[Task statement]
Print the data exactly as written, line for line, and leave its pictures behind.

[Data section]
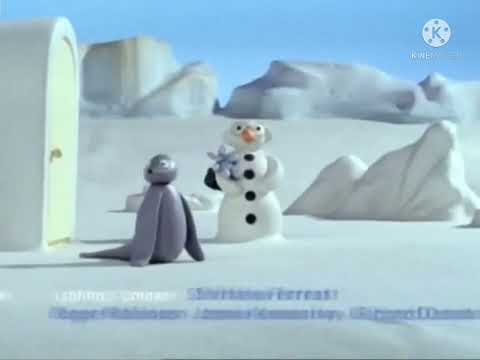 THE PINGU SHOW END CREDITS 2009 2007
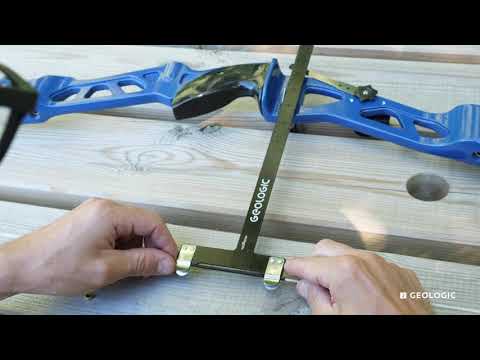 TUTORIAL - How to install a nock set on a bow 🏹 | Decathlon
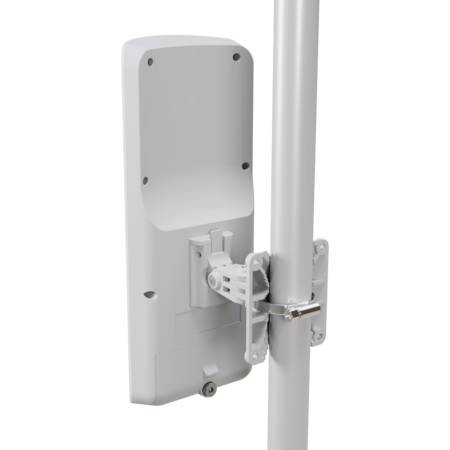 Mikrotik Mikrotik mANTBox ax 15s Wit Power over Ethernet (PoE)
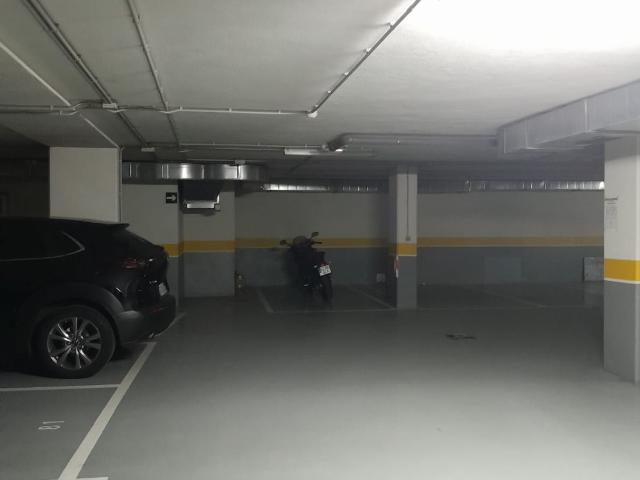 Garaje en alquiler en Casco Antigo, Pontevedra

[Answer to this problem]
 THE PINGU SHOW END CREDITS 2009 2007
 TUTORIAL - How to install a nock set on a bow 🏹 | Decathlon
 Mikrotik Mikrotik mANTBox ax 15s Wit Power over Ethernet (PoE)
 Garaje en alquiler en Casco Antigo, Pontevedra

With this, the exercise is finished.